Data Analysis Workshop II
June 21-25, 2021
1:30 p.m. – 5:00 p.m.
Course Number: 140.614.11
This summer this course will be taught online via Zoom, on the dates and times listed above. Registered students will attend their classes virtually via Zoom, in real time with faculty and other students.
"Dr. McGready is one of the most outstanding professors I have had in my entire educational career, spanning from elementary school to medical and graduate school. He is engaging, interactive, passionate and devoted to teaching. He presents the material in enlightening ways that stimulate further learning and understanding."—Student, 2019
"Dr. McGready is a great instructor, very clear and knowledgeable, and he is always willing to help. I have really enjoyed the class and learned a lot from it."—Student, 2018
Intended for students with a broad understanding of biostatistical concepts used in public health sciences who seek to develop additional data analysis skills. Emphasizes concepts and illustration of concepts applying a variety of analytic techniques to public health datasets in a computer laboratory using Stata statistical software. In the second workshop (140.614), students will master advanced methods of data analysis including simple linear regression and correlation, multiple linear regression, and simple and multiple logistic regression. Inclusion of linear splines and interaction terms for both linear and logistic regression modeling will also be covered. Enrollment limited.

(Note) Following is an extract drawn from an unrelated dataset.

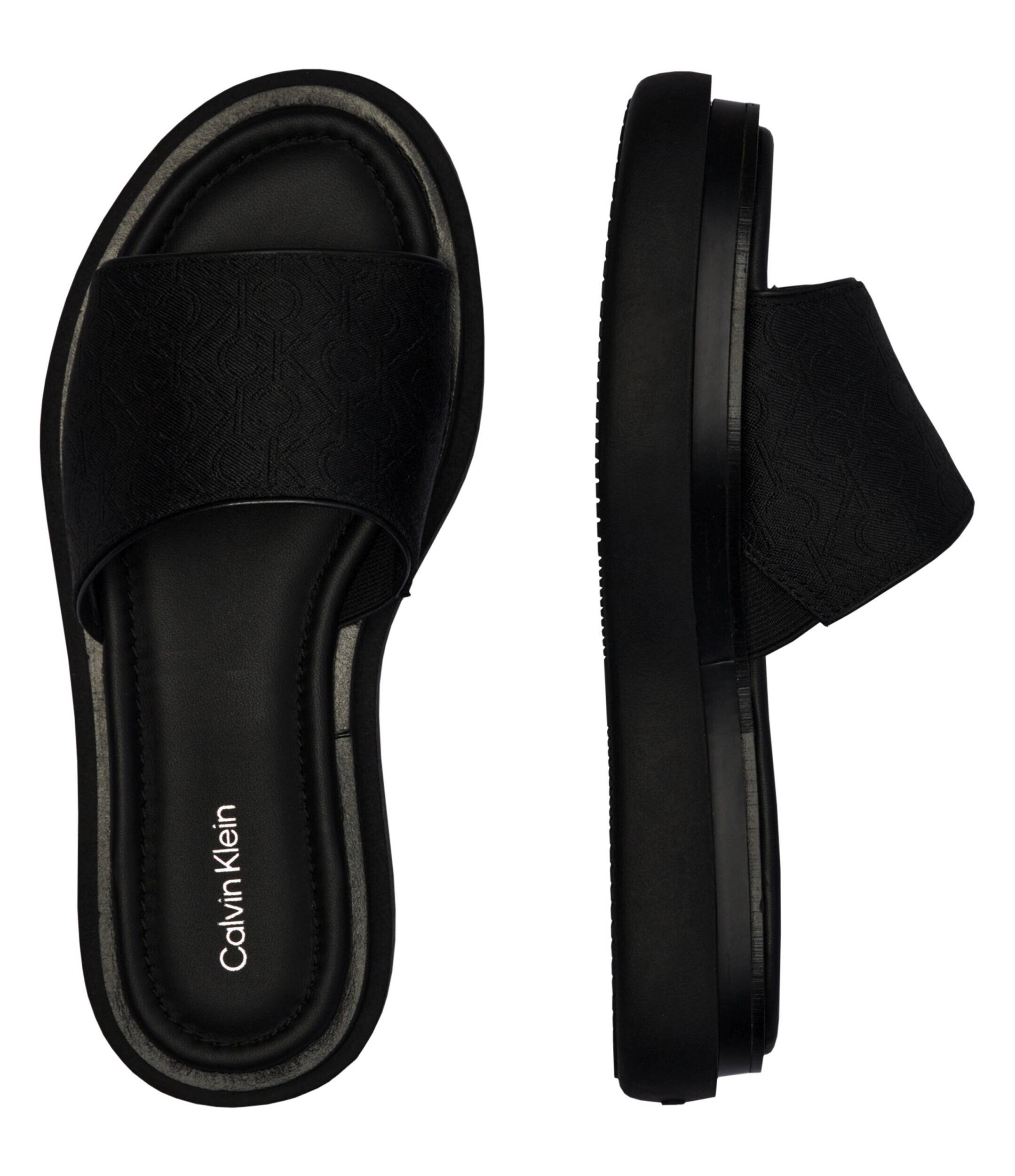 Calvin Klein Șlapi cu adaos de piele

Student Evaluation: Student evaluation based on laboratory exercises, an exam, and completion of an independent data analysis project.
Upon successfully completing this course, students will be able to:
use Stata to visualize relationships between two continuous measures;
use Stata to fit simple linear regression models, and interpret relevant estimates from the results;
use Stata to fit multiple linear regression models to relate a continous outcome to multiple predictors in one model and to help assess confounding, interaction, and goodness-of-fit;
interpret the relevant estimates from multiple linear regression;
use Stata to graph lowess smoothing functions to relate the probability of a dichotomous outcome to a continous predictor;
use Stata to fit multiple logistic regression models to relate a dichotomous outcome to multiple predictors in one model and to help assess confounding, interaction, and goodness-of-fit;
interpret the relevant estimates from multiple linear regression.
Prerequisite: 140.611 and 140.612 or equivalent
Grading Options: Letter Grade or Pass/Fail
Course Materials: Students must have a laptop computer with Intercooled Stata 16 or Intercooled 15 installed. Student discounts are available for Intercooled Stata.